Next, Chris comments:

“Luther was a drunk- the defense is One needs only to survey the massive output of work that Luther produced to settle the matter that he was not an alcoholic, nor did he have a drinking problem. Really? Do names like Fitzgerald, Hemingway, Dickens, and Carroll mean anything? What a lame defense.”

As to Luther’s degree of alcohol consumption, I have no evidence one way or the other, nor do you. My only point is the defense offered by the A&O website, the idea that if Luther were a drunk he could not have produced what he did, is completely lame.

   There is no record of Luther ever being drunk (whereas, documentation does exist with those others you mention). At least, we can agree, I think, that if there were such historical documentation that Luther was drunk or often drunk, we could grant the possibly he was a high-functioning alcoholic. But such documentation does not exist. Coupled with the fact that he led a highly productive life, we can at least rule out that he was a low-functioning alcoholic. The burden of proof though really rests on those who claim Luther was a high-functioning alcoholic. Without any evidence to the contrary, one can only make judgments based on the information available, and in terms of information available, Luther and those around Luther wrote a lot about Luther. It is not as if we can’t come up with a historical picture of the man due to lack of information. Luther led a highly productive life, and was not an alcoholic.
And finally, Rob wrote in and said,

“Your attempt to dispel what you believed to be the more popular Luther myths fell short at best. I especially loved the last myth which Mr. Arnzen set up as, ‘Here’s one that is very important.

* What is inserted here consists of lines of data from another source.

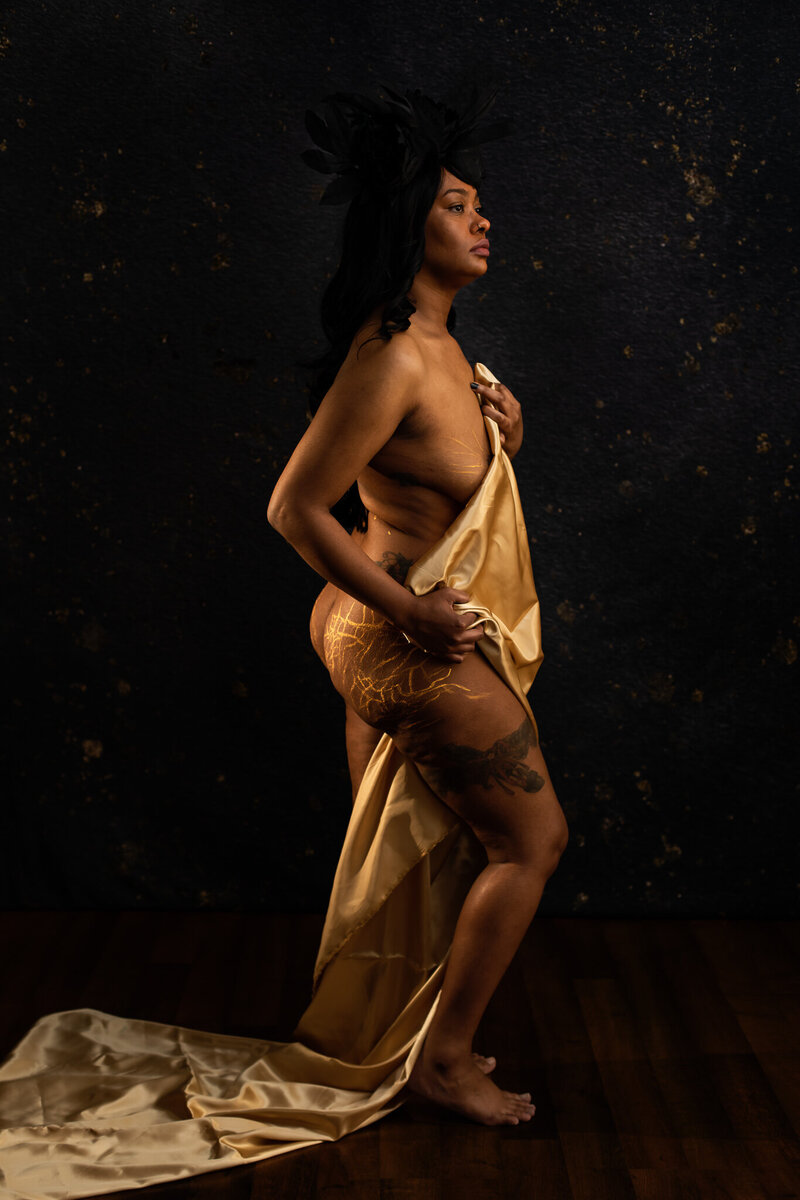 A beautiful black woman grabs her bra strap and stares at the camera while pulling on her bra strap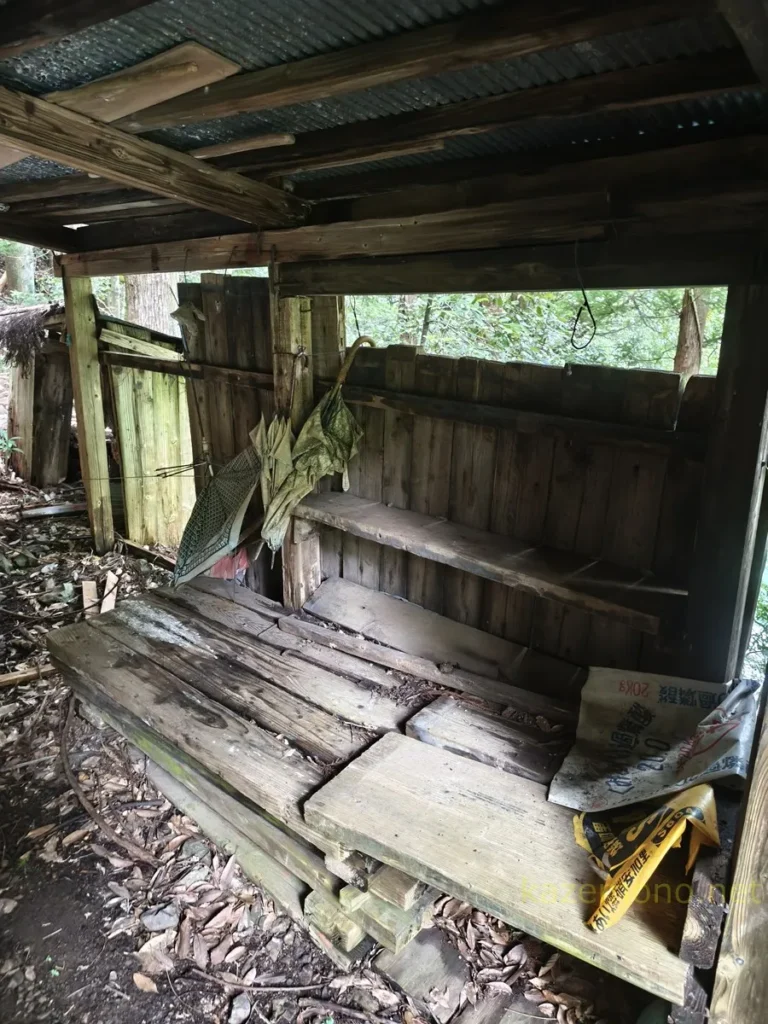 対岸の小屋の屋根下に残る古びた傘と木材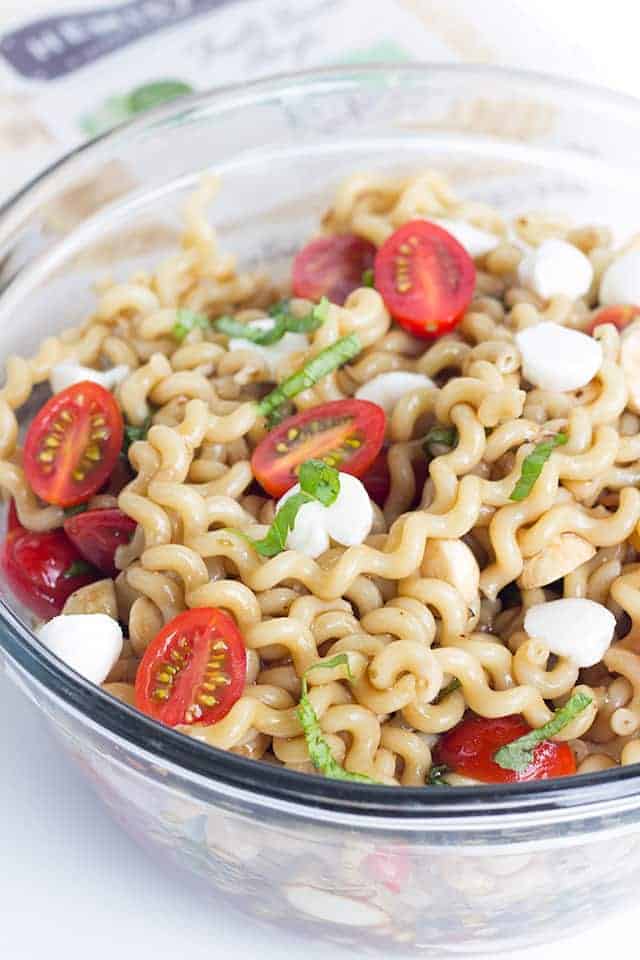 Big glass bowl full of Caprese Pasta Salad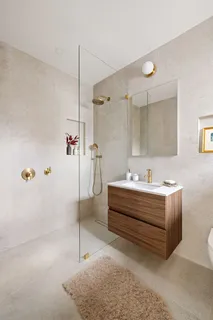 a bathroom with a tub sink and mirror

Did ML on his death bed convert back, to Roman Catholicism or reconvert as you will.’ And you responded with something to the effect of this topic comes up on Catholic discussions boards all the time. Oh really, which boards are those. I’ve never read anything of the sort on any RC board. All the RC’s I know all agree that once ML fell from grace and left Mother Church, he never reconverted back. Mr. Swanson, can you point me to one RC board where a RC wrote that ML before he died reconverted back to Mother Church?”

   Let’s dispel the myth about my last name being Swanson. It is not. I’ve spent about ten years reading Catholic materials (including Catholic discussion boards) about Luther. I have yet to read a published Catholic apologist claim Luther recanted on his deathbed. On the other hand, I have read Catholics asking about this. Here are links to two blog entries I did reviewing this myth, brought about by Catholic discussion boards:
Luther’s Deathbed Re-Conversion to the Roman Catholic Church
Did Luther Recant on His Deathbed?
In both entries links are provided to Catholic discussion threads on this topic. Particularly humorous was a Catholic participant who argued “the friends of Luther who recorded his last hours took liberties in describing the details of Luther’s death for posterity” and they had “…interest in presenting a tidy record of Luther’s death.” In other words, conspiracy!